In the last several years, combined reporting has been exhaustively researched and debated among public policy makers in Annapolis. Specifically, in 2007 the General Assembly directed the Comptroller to study combined reporting’s impact on corporate tax revenue, and he found no net benefit. The Maryland Business Tax Reform Commission also weighed the pros and cons of combining reporting, deciding in the end against it. Here is a summary of those and other studies:
- No Net Impact on Revenue – Combined reporting will not increase revenues. Groups advocating for combined reporting see it as a “silver bullet” that will raise billions in additional tax revenue, but the data do not support that argument. The Comptroller’s study tracked five years of dual tax filings from the same companies, one set using the current system and one using combined reporting. The study found no significant additional revenue. Instead, the two systems brought in roughly the same amount of revenue over the five year period, though distributed differently.
- No Help in Capturing Revenue – Maryland has laws and successful audit methods for maximizing the capture of tax revenue. In 2004, the Maryland General Assembly added two provisions to the state tax statutes that undo the perceived abuse of intercompany/interstate transactions: 1) the “add-back” provision, which disallows deductions for certain expenses paid to related corporations in other states, and 2) “section 482” powers which allow the Comptroller to adjust amounts of income and expense between related corporations.
- Further, since early in the last decade, the Comptroller’s office has aggressively audited multistate corporations. Using the 2004 changes, the state has added millions of dollars in taxes collected, and the courts have increasingly found in favor of the Comptroller in litigated cases. Because of the legislation, audits, and court decisions, claims that large corporations are evading Maryland taxes by “booking work done in Maryland to states with lower rates” are simply not true.

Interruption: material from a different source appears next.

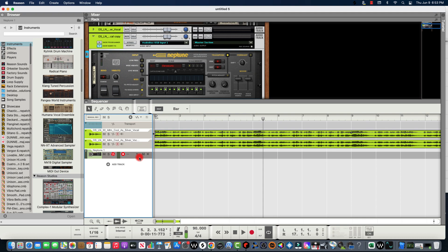For example, this vocal is in A-sharp minor. So we're going to play around until we find the perfect harmony for the sample.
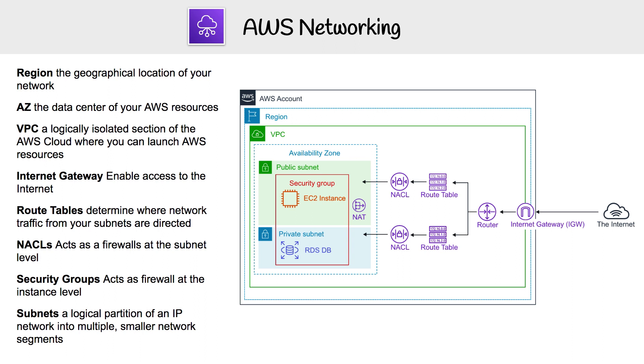Once you've decided what region you want to launch resources in, you're going to need a VPC. A VPC stands for Virtual Private Cloud. It is a logically isolated section of the AWS cloud where you can launch AWS resources. It's just a slice of the AWS network just for you.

- Increasing Volatility – Though the net revenue to the state would have been roughly the same over the five year period of the Comptroller’s study, in three of those five years, the annual totals would have been significantly less if combined reporting had been in place. Such volatility creates uncertainty and makes budgeting difficult both for businesses and for policy makers.
- Creating Winners and Losers – The Comptroller’s study showed that combined reporting would shift tax burdens among industries, with some individual companies paying more while others paid less. This picking of “winners” and “losers” would be seemingly arbitrary and not tied to Maryland’s strategy for economic development. Further, among the “losing” industries were information technology and manufacturing, two sectors that Maryland is trying to attract. At the same time, real estate, management companies, and utilities, for example, would receive large windfalls from reduced taxes if combined reporting were enacted.
- Creating a Competitive Disadvantage – Many of Maryland’s major competitor states do not use combined reporting. In assessing our business climate, we should focus our comparisons on those states that pose the greatest threats. In the battle to attract and retain businesses, we most often compete with Virginia, Pennsylvania, Delaware, North Carolina, and New Jersey, and none of them use combined reporting. And so implementing combined reporting would create a competitive disadvantage for Maryland and hamper our ability to create jobs.
- Creating Undue Complexity – Combined reporting is a highly complex method of apportioning taxable income among all the states in which the companies do business, and if adopted, it would apply to all Maryland corporations – small, medium, and large. Although the largest companies may be equipped for such complexity, Maryland’s smaller businesses would not. Adoption of combined reporting would greatly increase the time and expense required to prepare companies’ Maryland returns.
Despite claims to the contrary, combined reporting closes no loopholes and adds little to overall state coffers. Instead, it adds volatility to tax revenues, disadvantages Maryland among its competitors, adds complexity to small businesses, and risks alienating the very industries Maryland is trying to attract. Combined reporting would be bad for Maryland, its businesses, and the state agencies charged with servings its needs.
The policy conversation in Annapolis has turned toward the business climate and economic development. There is a growing consensus around the need to create jobs and grow the state’s economy. The message has resonated with voters, with legislators, and with our members. Adopting combined reporting would be a step backward and would only serve to slow the momentum toward a more prosperous Maryland.
Brien Poffenberger is president and CEO of the Maryland Chamber of Commerce.